● **Instructions for the task**
Word for word, please restate the lines from the beginning of the data through the line in which "fatblaster代餐奶昔怎么吃 教你正确食用fatblaster代餐奶昔" appears.

(Caption-style text data)
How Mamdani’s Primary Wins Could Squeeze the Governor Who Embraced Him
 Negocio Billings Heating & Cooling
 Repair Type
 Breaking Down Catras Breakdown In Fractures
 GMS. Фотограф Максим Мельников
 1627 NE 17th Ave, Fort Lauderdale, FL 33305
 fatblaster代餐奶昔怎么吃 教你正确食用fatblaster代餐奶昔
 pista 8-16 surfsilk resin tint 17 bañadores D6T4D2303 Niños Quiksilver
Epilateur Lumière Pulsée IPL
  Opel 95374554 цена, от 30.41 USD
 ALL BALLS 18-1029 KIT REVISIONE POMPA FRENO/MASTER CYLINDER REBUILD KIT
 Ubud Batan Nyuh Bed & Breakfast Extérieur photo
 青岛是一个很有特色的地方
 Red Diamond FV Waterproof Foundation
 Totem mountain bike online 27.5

● **Answer box**
How Mamdani’s Primary Wins Could Squeeze the Governor Who Embraced Him
 Negocio Billings Heating & Cooling
 Repair Type
 Breaking Down Catras Breakdown In Fractures
 GMS. Фотограф Максим Мельников
 1627 NE 17th Ave, Fort Lauderdale, FL 33305
 fatblaster代餐奶昔怎么吃 教你正确食用fatblaster代餐奶昔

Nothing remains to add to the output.